▶ [Dataset excerpt]

──────────────────────────────

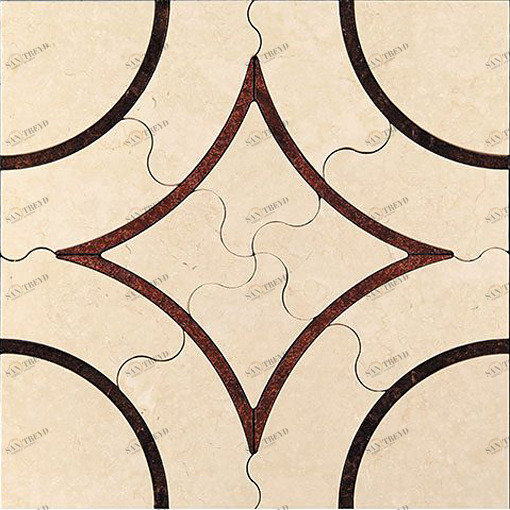 ПЛИТКА ПОЛОВАЯ METAL STONE ACM (Y)-1/4 SKALINI ALCAMO ACMY14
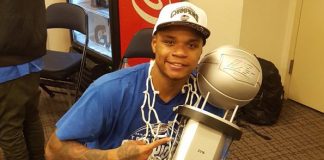 Derrick Gordon,Seten Hall,NCAA tournament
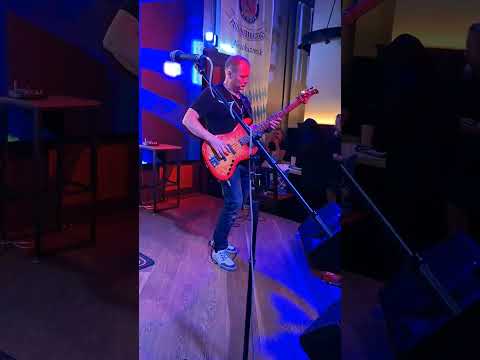Видео: группа «Грязный Гарри» Sharp Dressed Man (ZZ Top cover)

──────────────────────────────

▶ [Work instruction] Everything in the data above, apart from the pictures, should be retyped exactly.

▶ [Reply to the exercise]
 ПЛИТКА ПОЛОВАЯ METAL STONE ACM (Y)-1/4 SKALINI ALCAMO ACMY14
 Derrick Gordon,Seten Hall,NCAA tournament
Видео: группа «Грязный Гарри» Sharp Dressed Man (ZZ Top cover)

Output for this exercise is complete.